In Saigon turn down little alleys, head up big roads, go to the market; everywhere you turn you will find some kind of street food: Com Ga and Banh Mi being two of our favourites. Often food is served in places you would never dream of sitting and eating at in Europe in a million years, but here in Saigon they serve not just the cheapest but the the tastiest, freshest food going! Be brave give it a try!
We met a guy, at the street food market, who had a guitar. He asked me to keep an eye on it while he went to order his food and I happily obliged. As both of the boys play the guitar, when he got back we asked if we could take a look. It was brand new, he had just picked it up from the shop. This brief encounter ended with us buying a small travel guitar in the most amazing street.

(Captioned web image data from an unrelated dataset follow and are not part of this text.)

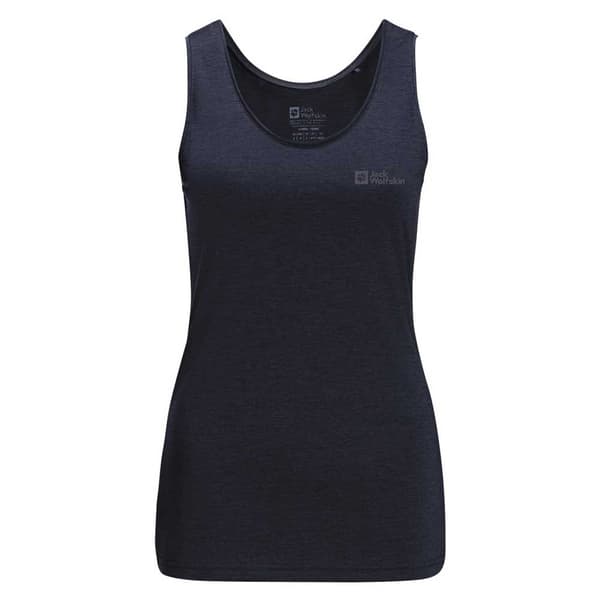 Jack Wolfskin Crosstrail ärmlös T-shirt Blå L Kvinna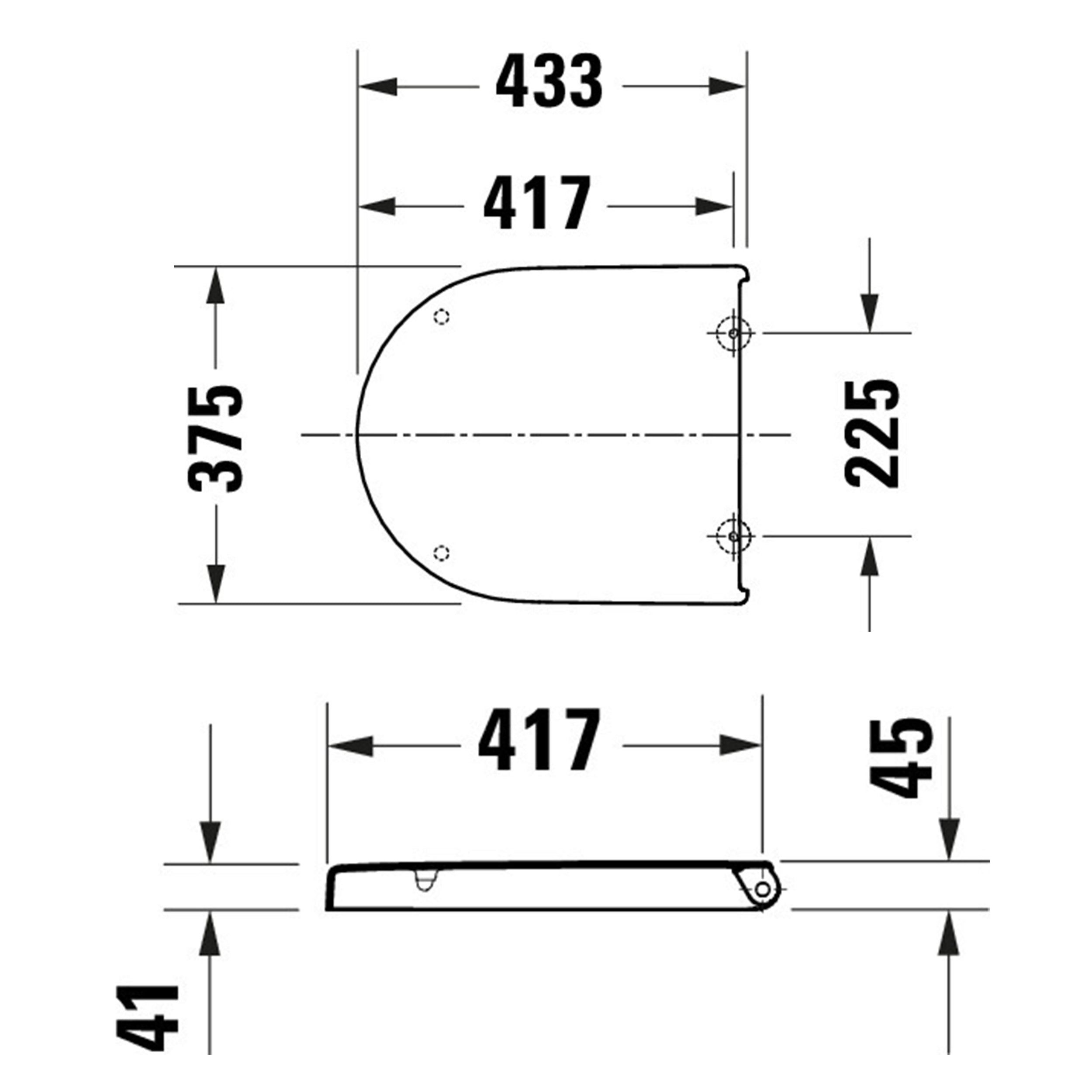 Duravit Univavo abattant WC universel avec frein de chute, rond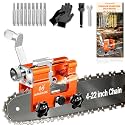 Chainsaw Sharpener Jig Kit, 10 Tungsten Bits for 4-22" Chain Sharpening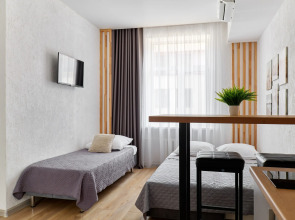 Апартаменты Rush in aparts  в самом сердце Казани Своя мини-кухня wifi  бесконтактное заселение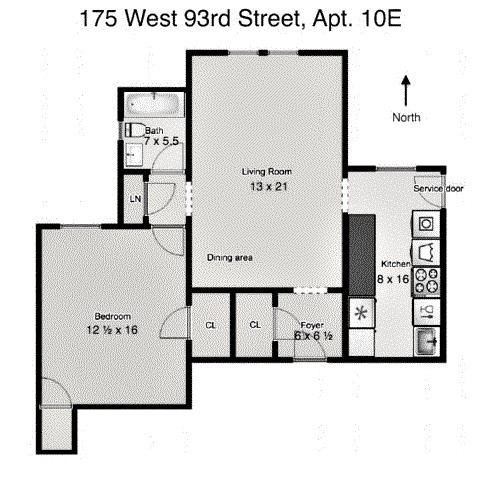 175 West 93rd Street, Unit 10E Manhattan, NY 10025 - Photo 7 of 7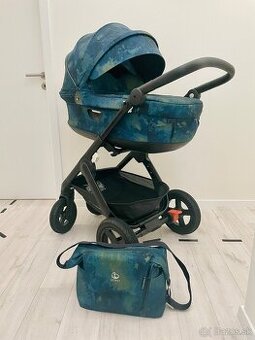 2-KOMBINÁCIA STOKKE TRAILZ + vajíčko MAXI COSI
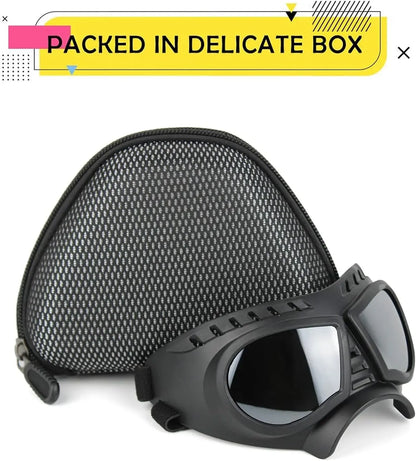 Dog Goggles with Adjustable Strap Dog-Goggles-Silver-lens Dog-Goggles-Blue-lens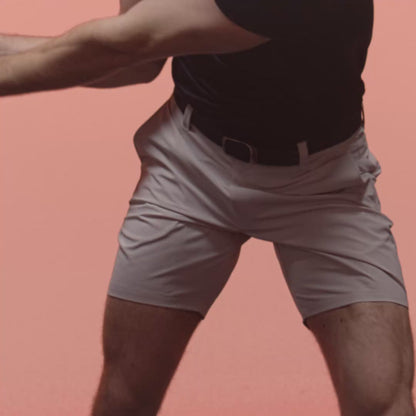 Men’s Golf Shorts - Cream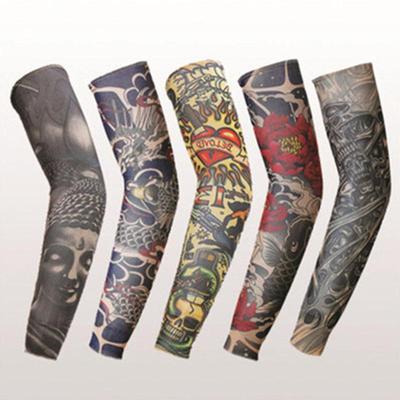 Mâneci elastice din nailon Accesorii pentru tatuaje de Halloween Protecție solară UV Răcire Sporturi în aer liber Cale
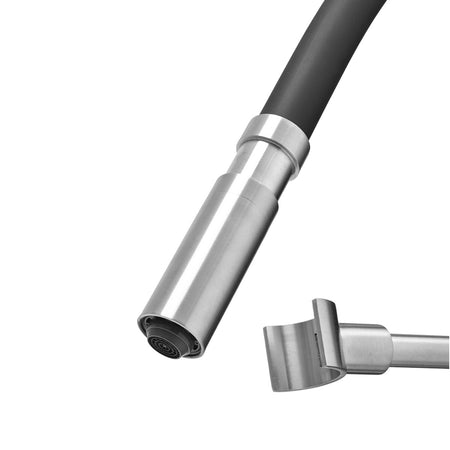 Rubinetto Cucina Acciaio Inox Doccetta Battle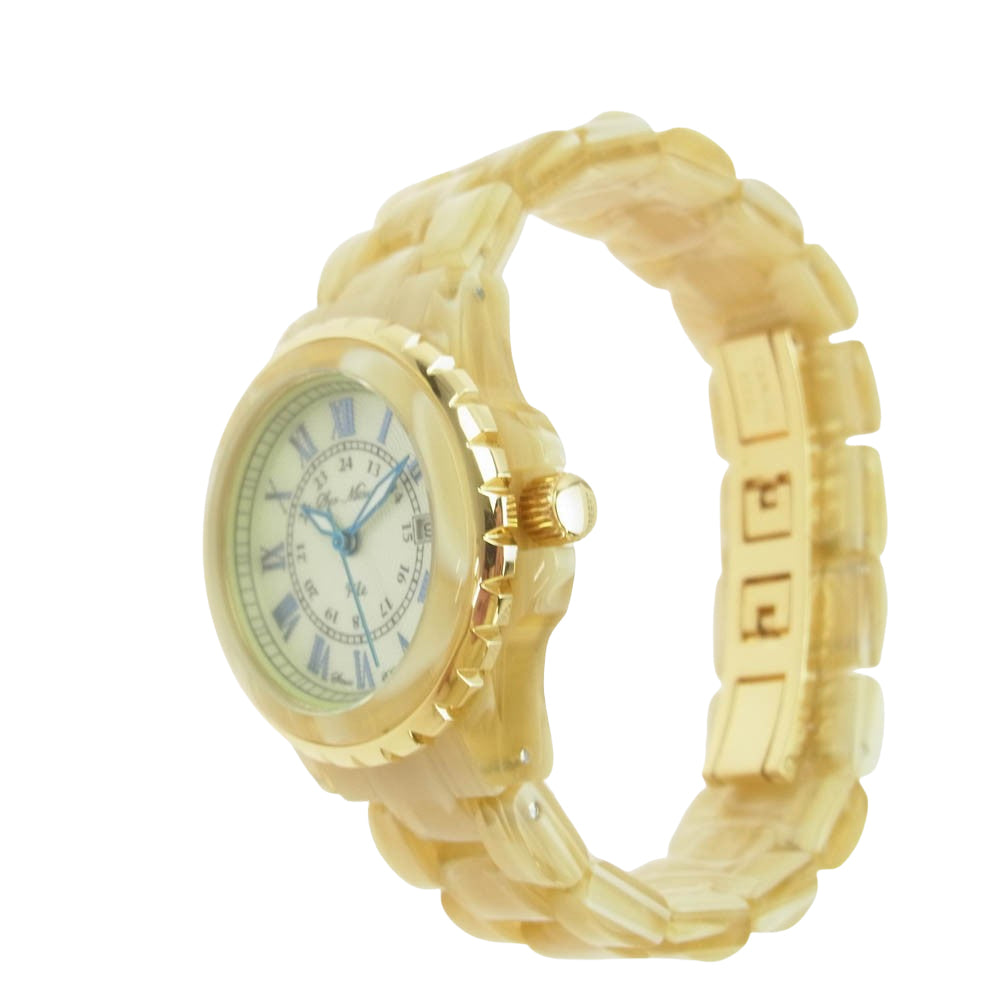 ヒロブ Sur Mesure シュール メジュール レディース 腕時計 ベージュ系 ゴールド系【中古】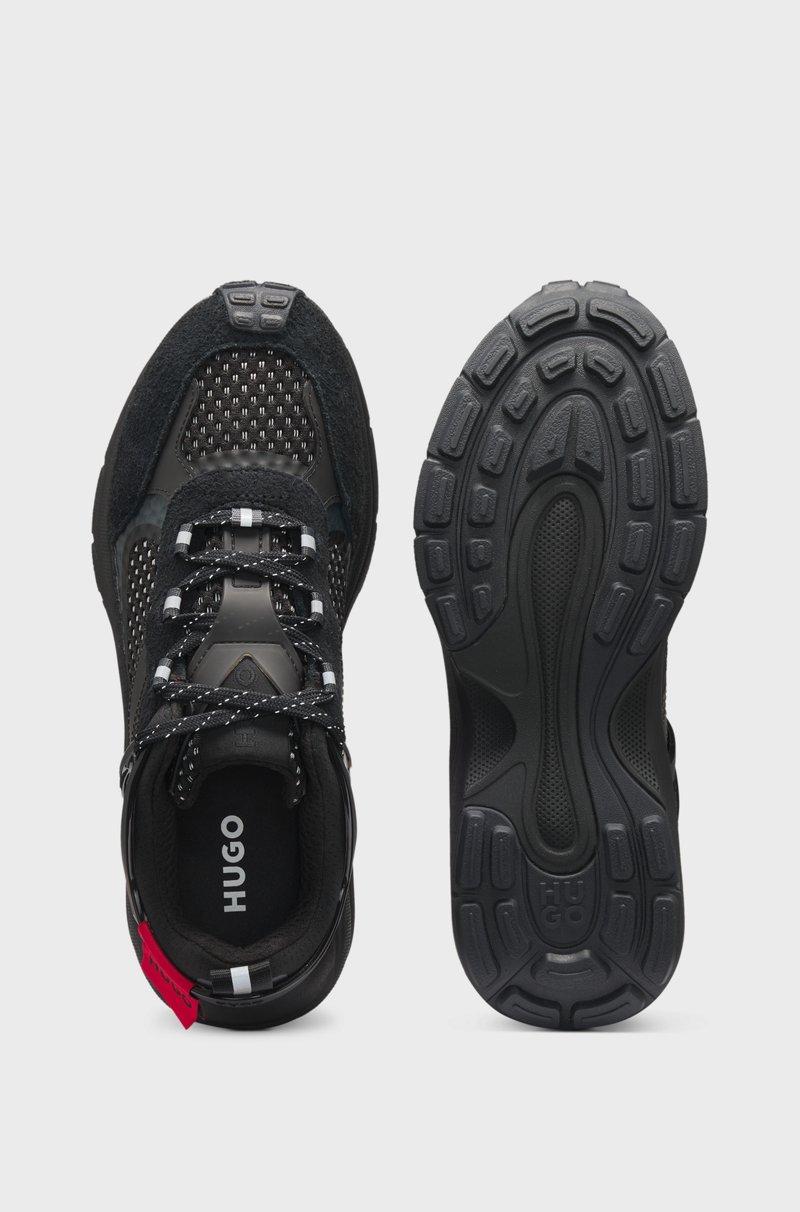 Hugo Boss Deportivas de la marca con malla y ante Oferta especial de fábrica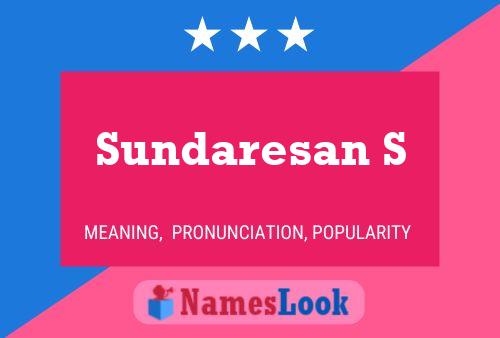 Sundaresan S Naam Poster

With a few simple directions, we zigzagged our way through Saigon to ‘Guitar Street’ (guess what they sell there?). Dark had set in, we turned into the street, which had rows of small guitar shops/workshops on either side all lit up, with beautiful guitars hanging from the ceilings. We headed for the same shop market man had recommended and after some time trying different guitars for size, we came away with a beautiful, handcrafted travel guitar for not much more than £60. It was a steal! Even if you’re not in the market for a new guitar it’s fun to walk up the street admiring all the different instruments hanging around.
There is so much to do with or without kids in Saigon, we could have easily spent another week just wandering and discovering. Suffice to say, if you are planning on visiting Ho Chi Minh, you are unlikely to come away disappointed!